1. Tell us a little about yourself, where are you from, what do you do etc.?
I live in Sorocaba, São Paulo. My wife and I moved here in January of 1997. I am a pastor.
2. When did you arrive in Brazil and what brought you here?
We came to Brazil to help start churches.
3. What were you first impressions of Brazil?
Back in ’97; everything was an adventure. The language was definitely our biggest challenge. We spent nine months in language school that first year.
4. What do you miss most about home?
We miss our family. Our three girls and their families live there.
5. What has been your most frustrating experience in Brazil?

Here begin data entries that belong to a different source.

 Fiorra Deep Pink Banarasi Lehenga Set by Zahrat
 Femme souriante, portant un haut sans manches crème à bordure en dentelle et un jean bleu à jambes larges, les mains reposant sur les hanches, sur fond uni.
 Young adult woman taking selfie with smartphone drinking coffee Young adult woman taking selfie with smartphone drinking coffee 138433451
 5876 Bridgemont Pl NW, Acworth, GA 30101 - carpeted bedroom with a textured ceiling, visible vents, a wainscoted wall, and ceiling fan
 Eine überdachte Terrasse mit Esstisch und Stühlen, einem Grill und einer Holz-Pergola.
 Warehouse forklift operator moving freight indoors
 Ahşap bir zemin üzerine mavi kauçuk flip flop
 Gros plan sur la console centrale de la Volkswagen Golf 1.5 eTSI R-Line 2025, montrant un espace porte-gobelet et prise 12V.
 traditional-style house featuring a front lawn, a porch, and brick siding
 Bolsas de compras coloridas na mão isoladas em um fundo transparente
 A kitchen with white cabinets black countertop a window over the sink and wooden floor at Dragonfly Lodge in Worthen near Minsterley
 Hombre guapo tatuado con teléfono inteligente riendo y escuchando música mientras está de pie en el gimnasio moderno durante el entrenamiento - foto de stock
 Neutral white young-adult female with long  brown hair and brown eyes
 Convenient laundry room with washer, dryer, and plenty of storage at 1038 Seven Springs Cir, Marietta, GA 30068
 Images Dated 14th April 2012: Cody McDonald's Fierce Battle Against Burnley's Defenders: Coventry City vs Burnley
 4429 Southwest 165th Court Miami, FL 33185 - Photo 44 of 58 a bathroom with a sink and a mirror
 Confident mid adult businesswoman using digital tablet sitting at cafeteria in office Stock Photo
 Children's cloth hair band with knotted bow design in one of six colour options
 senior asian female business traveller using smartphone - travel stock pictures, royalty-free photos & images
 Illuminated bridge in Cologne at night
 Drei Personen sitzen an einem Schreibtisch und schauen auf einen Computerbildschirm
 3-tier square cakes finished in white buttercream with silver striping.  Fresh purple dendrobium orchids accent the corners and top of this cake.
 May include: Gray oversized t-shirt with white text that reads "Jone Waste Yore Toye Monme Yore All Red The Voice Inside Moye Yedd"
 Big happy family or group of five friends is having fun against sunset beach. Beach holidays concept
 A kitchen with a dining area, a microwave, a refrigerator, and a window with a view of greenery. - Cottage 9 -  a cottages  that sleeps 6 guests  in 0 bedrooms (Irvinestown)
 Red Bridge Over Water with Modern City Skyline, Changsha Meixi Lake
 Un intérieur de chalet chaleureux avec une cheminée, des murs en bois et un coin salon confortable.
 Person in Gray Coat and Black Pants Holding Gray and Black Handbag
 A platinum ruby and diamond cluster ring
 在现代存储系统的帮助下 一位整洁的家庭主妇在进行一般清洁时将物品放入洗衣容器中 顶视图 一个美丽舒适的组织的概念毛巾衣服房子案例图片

As mentioned, the language has been the toughest. However, the way things are done here often drives me nuts. But we have learned to take each twist as it comes.
6. What has been your most memorable experience in Brazil (specific incident)?
Our daughter met and married her husband here. I was privileged to do the wedding. Great fun!
7. What do you most like about Brazil (in general)?
The people and the weather! Both are lovely!
8. What is your favorite restaurant/place to hang out here?
We don’t go out much. But we do enjoy churrascaria every now and then.
9. Do you have any funny stories/incidents to tell about your time in Brazil?
I have a ton! Some dealing with the language and others dealing with culture. One short one I can share here. We had been warned about how bad the crime was here. One night we were sleeping and I heard a huge thump on our bedroom wall. My heart nearly jumped out of my chest as I lept from the bed and got this huge butcher knife! I crept from our bedroom and made my way to the backyard. Only to find that a big gourd had fallen off a vine near our bedroom wall! Whew!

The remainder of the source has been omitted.